Essa carta estaria, até hoje, arquivada em museu da
cidade eterna, mas prova provada disso ninguém pôde
fazer, o que é lamentável, pois seria um documento
notável de descrição de traços
pessoais e psicológicos feito por um homem inteligente
e muito observador. Ao longo do tempo, apareceram várias
versões desse escrito, sucintas, completas, mas todas
bastante coerentes entre si, de modo a conservar a validade
e uma possível origem verdadeira. O mais interessante
texto veio inserido em velho livro da literatura portuguesa,
em que o autor diz haver copiado da obra medieval, Vita
Cristi, editado em língua arcaica, o que Ihe dá
um sabor todo especial, curioso e riquíssimo em valores
semânticos.
"Existe
atualmente na Judéía um homem de uma virtude
singular, a quem chamam de Jesus Cristo; os bárbaros
têm-no como profeta; os seus sectários o adoram
como sendo descendido dos deuses imortais. Ele ressuscita
os mortos e cura os doentes, com a palavra ou com o toque;
é de estatura alta e bem proporcionada; tem semblante
plácido e admira vel; seus cabelos são de uma
cor que quase se não pode definia caem-lhe em anéis
até abaixo das orelhas e derramam-se-lhe pelos ombros,
com muita graça, separados no alto da cabeça
à maneira dos nazarenos."
"Sua
fronte é lisa e larga e suas faces são marcadas
de admirável rubor.
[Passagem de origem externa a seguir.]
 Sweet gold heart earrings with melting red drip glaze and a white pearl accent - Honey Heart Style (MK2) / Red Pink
O nariz e a boca são formado
com admirável simetria; a barba, densa e de uma cor
que corresponde à dos cabelos, desce-lhe uma polegada
abaixo do queixo e, dividindo-se pelo meio, forma mais ou
menos a figura de um forçado':
"Seus
olhos são brilhantes, claros e serenos, e o que surpreende
é que resplandecem no seu rosto como os raios
do sol, porém ninguém pode olhar fixo o seu
semblante, porque quando resplende, apavora e quando
ameniza, chora, faz-se amar e é alegre com gravidade.
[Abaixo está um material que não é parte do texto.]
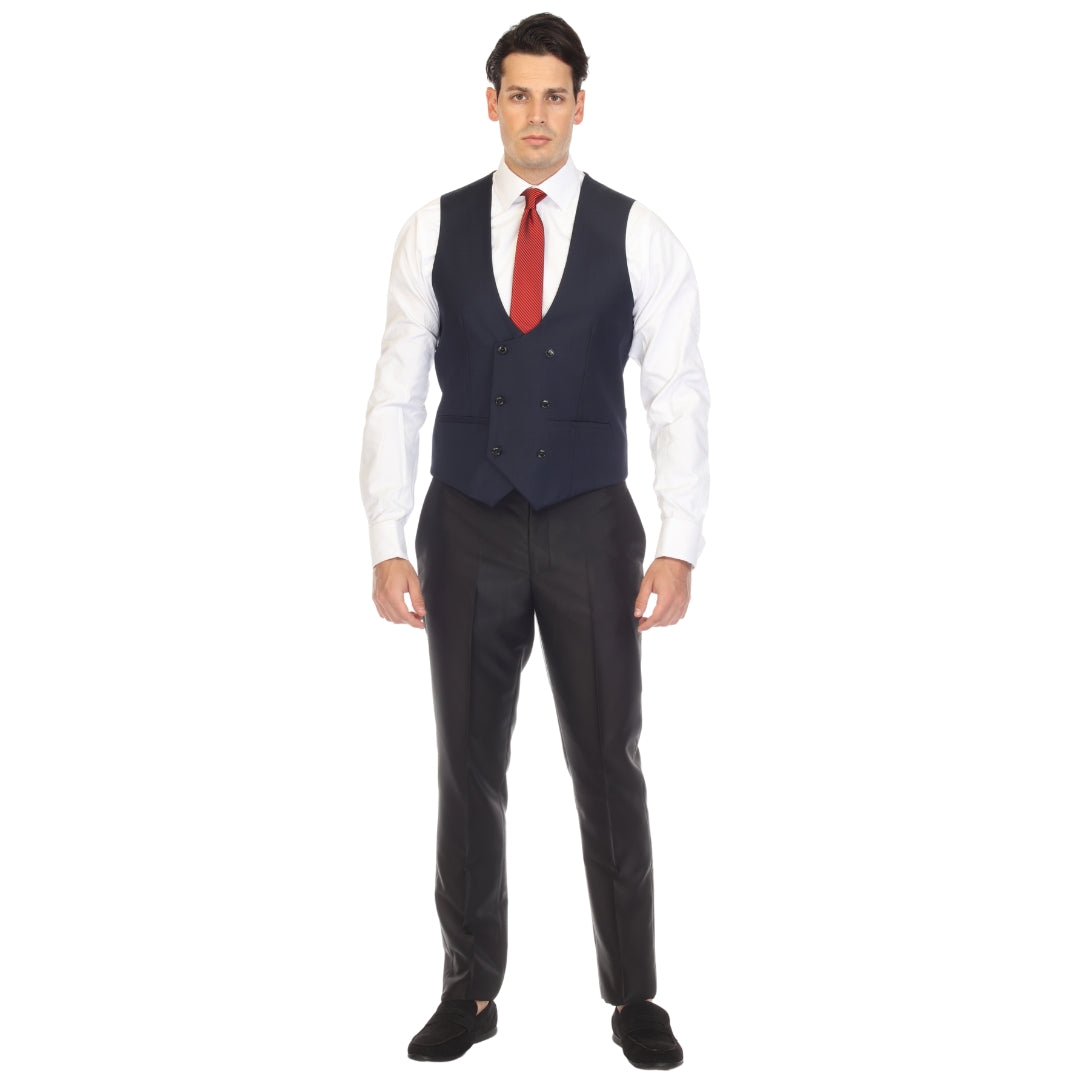 FERRECCI Cruz men's double-breasted navy vest with tailored fit, front buttons, and classic style.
Tem os braços e as mãos muito belos':
"Ele
censura com majestade, exorta com brandura; quer fale, quer
chore, fá-lo com elegância e com gravidade. De
letras, faz-se admirar de toda a cidade de Jerusalém;
sabe todas as ciências e nunca estudou nada. Ele caminha
descalço e sem coisa alguma na Cabeça. Muitos
se riem, vendo-o assim, porém em sua presença,
falando com ele, tremem e maravilham. Nunca o viram rir têm-no,
porém, visto chorar muitas vezes. É sóbrio,
muito modesto e muito casto. Enfim, é um homem que,
por sua beleza e perfeição, excede os outros
filhos dos homens".
No
texto medieval, porém, há mais explicações,
definindo cores e situações. Por exemplo:
"os seus caibelos era de avelhaã madura e chegavã
aas orelhas yguaes e chaãos e dally ao fundo quanto
quer crispos e buros e Cobria e avanavã sobre os ombros.
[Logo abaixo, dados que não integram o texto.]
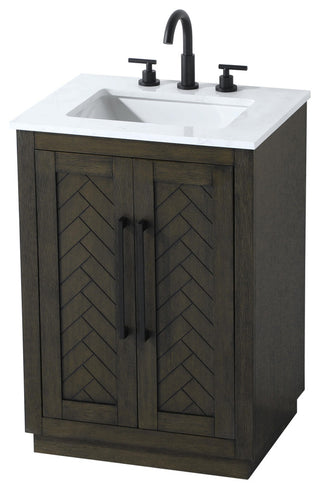 Home Living 24" Single Bathroom Vanity, Chocolate Oak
A testa chãa e muy clara e a façe sem enverrugadura
nem magoa: a qual aformosentava a vermelhidon temperada".
Pelos
dados, não é difícil concluir que os
desenhistas e pintores do final da Idade Média ou já
do pleno Renascimento não tiveram muita dificuldade
em traçar o que, em termos modernos, poderíamos
chamar de o primeiro retrato falado da história de
uma personalidade realmente universal. E eterna!